Wardha About this sound pronunciation  (Marathi: वर्धा) is a city and a municipal council in Wardha district in the Indian state of Maharashtra. It is the administrative headquarters of Wardha district. Wardha gets its name from the Wardha River which flows at the North, West and South boundaries of district.
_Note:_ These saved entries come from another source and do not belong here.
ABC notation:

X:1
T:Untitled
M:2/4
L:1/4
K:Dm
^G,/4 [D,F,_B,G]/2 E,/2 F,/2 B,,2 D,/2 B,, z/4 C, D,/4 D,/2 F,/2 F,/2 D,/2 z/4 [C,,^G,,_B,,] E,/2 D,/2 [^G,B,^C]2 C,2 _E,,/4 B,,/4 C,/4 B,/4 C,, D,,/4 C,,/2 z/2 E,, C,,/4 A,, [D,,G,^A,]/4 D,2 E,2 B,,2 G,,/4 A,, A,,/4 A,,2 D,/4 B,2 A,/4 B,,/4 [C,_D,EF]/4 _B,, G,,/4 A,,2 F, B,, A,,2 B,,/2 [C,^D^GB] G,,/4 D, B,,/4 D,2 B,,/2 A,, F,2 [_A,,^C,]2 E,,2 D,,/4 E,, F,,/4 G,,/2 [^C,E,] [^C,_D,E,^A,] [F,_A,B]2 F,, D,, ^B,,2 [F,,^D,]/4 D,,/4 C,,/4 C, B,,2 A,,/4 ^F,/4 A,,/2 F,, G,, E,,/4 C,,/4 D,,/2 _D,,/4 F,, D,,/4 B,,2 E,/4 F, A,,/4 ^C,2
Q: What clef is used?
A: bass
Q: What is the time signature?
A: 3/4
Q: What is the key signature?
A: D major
Founded in 1866, the town is now an important centre for the cotton trade. It was an important part of Gandhian Era.

Geography and Climate[edit]

Wardha is located at 20°45′N 78°36′E / 20.75°N 78.60°E / 20.75; 78.60.[2] It has an average elevation of 234 metres (767 feet).

Climate data for Wardha (1971–2000)
Month Jan Feb Mar Apr May Jun Jul Aug Sep Oct Nov Dec Year
Record high °C (°F) 35.0
Average high °C (°F) 28.7
Average low °C (°F) 13.9
Record low °C (°F) 6.7
Average rainfall mm (inches) 16.7
Average rainy days 0.9 1.0 0.9 0.8 1.3 8.9 13.6 12.0 9.7 3.7 0.7 1.1 54.6
Source: India Meteorological Department [3][4]


Wardha city is administered by a municipal council(category-A). According to census 2011, its population is nearly 105,543.[5] But this figure is number of inhabitants within municipal boundaries. Urbanization has crossed municipal boundaries and neighboring villages viz. sindi(meghe), sawangi(meghe), borgaon(meghe), pipri(meghe),mhasala, nalwadi and chitoda have become part of urban agglomeration having population nearing 2 lacs.

As of 2011 India census,[6] Wardha district had a population of 1,296,157[7] Males constitute 52% of the population and females 48%. Wardha has an average literacy rate of 80%, higher than the national average of 59.5%: male literacy is 83%, and female literacy is 76%. In Wardha, 11% of the population is under 6 years of age. Wardha is the largest city in wardha district.


It was included in the empire of the Mauryas, Shungas, Satavahanas and Vakatakas. Pravarapura, modern Pavnar, was once the capital of the Vakataka dynasty. Vakatakas were contemporary of Imperial Guptas. Prabhavatigupta, the daughter of Chandragupta II (Vikramaditya), was married with Vakataka ruler Rudrasena. The period of Vakatakas was 2nd to 5th century CE. The empire stretched from the Arabian sea in the west to the Bay of Bengal in the east, and from the Narmada river in the north to the Krishna-Godavari delta in south.

Later on, Wardha was ruled by the Chalukyas, Rashtrakutas, Yadavas, the Delhi Sultanate, the Bahamani Sultanate, Muslim ruler of Berar, Gonds and Marathas. Raja Buland Shaha of Gonds, Raghuji of Bhonsale were the prominent rulers in the Medieval period.

During the 1850s Wardha, (then a part of Nagpur) fell into the hands of British. They included Wardha in the Central Provenance.

Wardha is a sister city for Sevagram, and both were used as major centers for the Indian Independence Movement, especially as headquarters for an annual meet of the Indian National Congress in 1934, and Mahatma Gandhi's Ashram.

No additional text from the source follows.